(Source records)

- - -

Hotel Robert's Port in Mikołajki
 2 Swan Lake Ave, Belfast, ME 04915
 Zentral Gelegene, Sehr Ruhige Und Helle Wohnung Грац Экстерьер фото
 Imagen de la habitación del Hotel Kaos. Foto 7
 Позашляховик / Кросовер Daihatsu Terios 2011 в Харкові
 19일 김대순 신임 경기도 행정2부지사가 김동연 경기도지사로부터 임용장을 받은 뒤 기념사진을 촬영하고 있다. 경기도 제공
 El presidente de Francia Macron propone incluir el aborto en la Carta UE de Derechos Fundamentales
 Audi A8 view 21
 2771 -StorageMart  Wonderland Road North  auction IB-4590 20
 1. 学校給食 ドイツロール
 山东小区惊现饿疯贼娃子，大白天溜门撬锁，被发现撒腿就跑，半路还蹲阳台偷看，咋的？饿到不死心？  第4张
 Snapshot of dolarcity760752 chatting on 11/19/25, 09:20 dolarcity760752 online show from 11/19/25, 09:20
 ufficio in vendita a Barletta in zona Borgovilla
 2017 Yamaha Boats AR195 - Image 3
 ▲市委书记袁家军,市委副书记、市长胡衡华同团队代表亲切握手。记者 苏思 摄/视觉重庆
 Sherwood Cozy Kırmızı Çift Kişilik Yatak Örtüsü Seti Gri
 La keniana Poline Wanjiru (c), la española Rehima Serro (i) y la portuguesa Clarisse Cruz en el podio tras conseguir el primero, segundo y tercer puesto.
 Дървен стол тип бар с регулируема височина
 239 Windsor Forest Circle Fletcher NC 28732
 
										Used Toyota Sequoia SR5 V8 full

- - -

→ DIRECTIONS FOR THIS TASK:
Up to and including the final line of the data above, please copy every line exactly, starting from the one that contains "Sherwood Cozy Kırmızı".

→ COMPLETED TASK:
 Sherwood Cozy Kırmızı Çift Kişilik Yatak Örtüsü Seti Gri
 La keniana Poline Wanjiru (c), la española Rehima Serro (i) y la portuguesa Clarisse Cruz en el podio tras conseguir el primero, segundo y tercer puesto.
 Дървен стол тип бар с регулируема височина
 239 Windsor Forest Circle Fletcher NC 28732
 
										Used Toyota Sequoia SR5 V8 full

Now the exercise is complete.